Problem description ->
Print, with no pictures, the exact lines that run from the one containing "That's it. You've" through the last line of the material below, both ends included.
━━ Source material
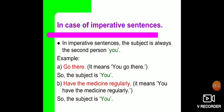Now, as we have discussed in the previous videos, a sentence is of four kinds. We will discuss about imperative sentences. In case of imperative sentences, you all are aware that the subject is always the second person — 'you' — because imperative sentences are used to give orders, commands, and requests, and it is generally given to the second person. The subject is never mentioned, so we have to assume that the subject is 'you'.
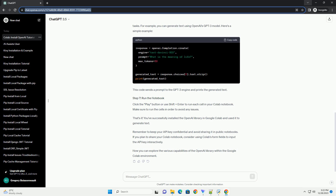That's it. You've successfully installed the OpenAI library in Google Colab and used it to generate text. Remember to keep your API key confidential and avoid sharing it in public notebooks. If you plan to share your Colab notebook, consider using Colab's form fields to input the API key interactively. Now you can explore the various capabilities of the OpenAI library within the Google Colab environment.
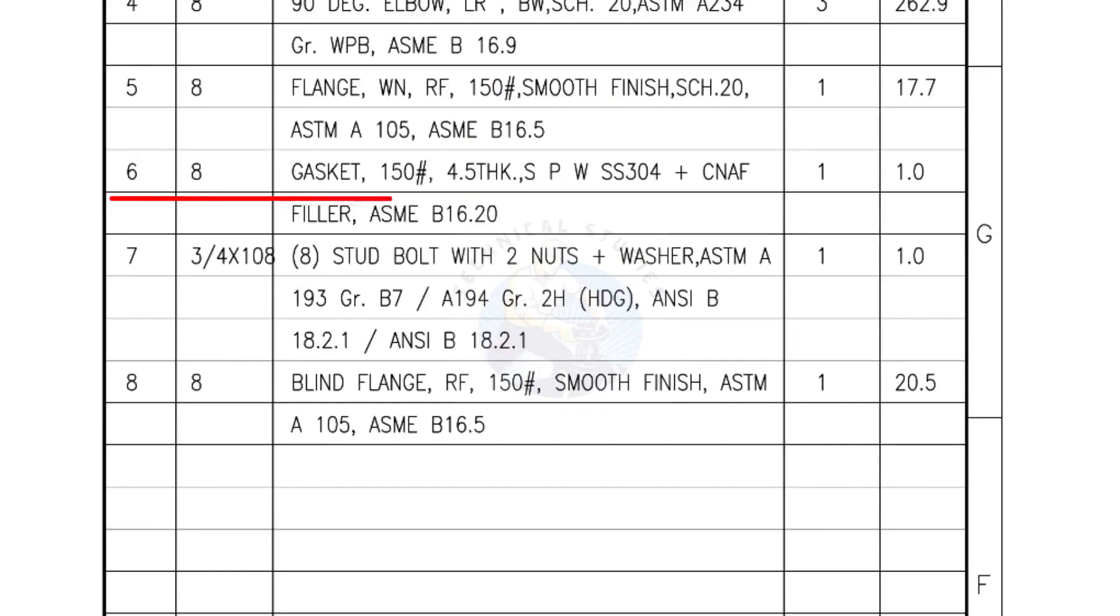Mark number 6: 8-inch gasket, 150 lb, 4.5 mm thick, Spiral wound gasket, Compressed non-asbestos filled. Quantity, 1 number.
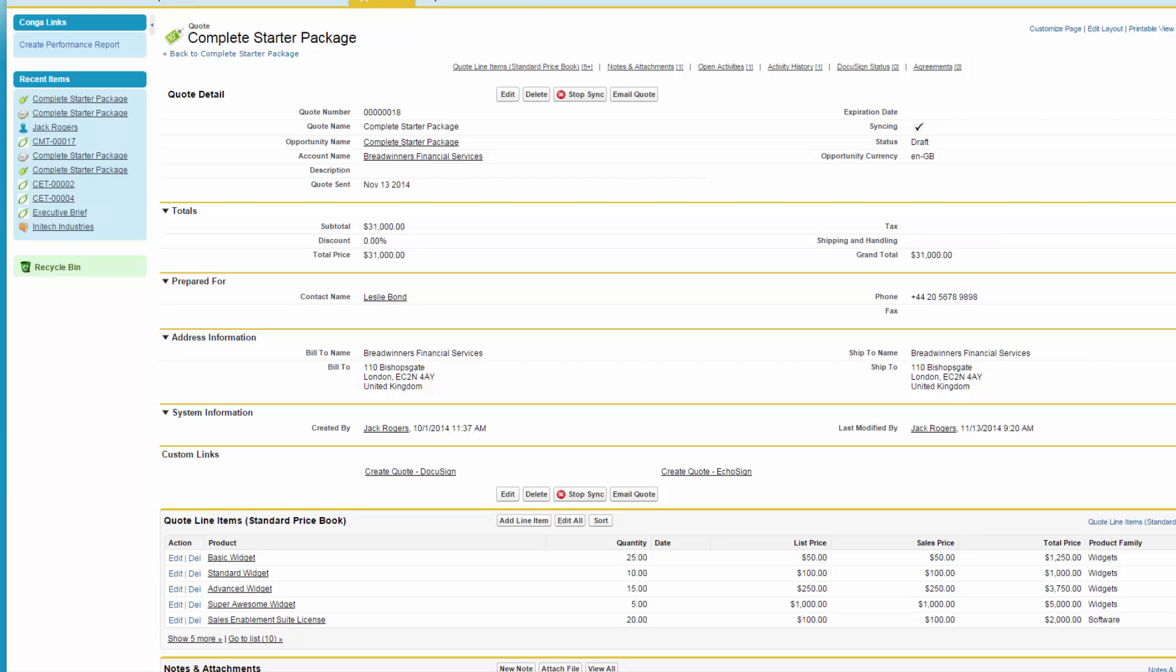Scrolling up to the top of the quote record, Jack observes that Composer has also updated the 'quote sent' field with today's date.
━━━━
Exercise result ->
That's it. You've successfully installed the OpenAI library in Google Colab and used it to generate text. Remember to keep your API key confidential and avoid sharing it in public notebooks. If you plan to share your Colab notebook, consider using Colab's form fields to input the API key interactively. Now you can explore the various capabilities of the OpenAI library within the Google Colab environment.
Mark number 6: 8-inch gasket, 150 lb, 4.5 mm thick, Spiral wound gasket, Compressed non-asbestos filled. Quantity, 1 number.
Scrolling up to the top of the quote record, Jack observes that Composer has also updated the 'quote sent' field with today's date.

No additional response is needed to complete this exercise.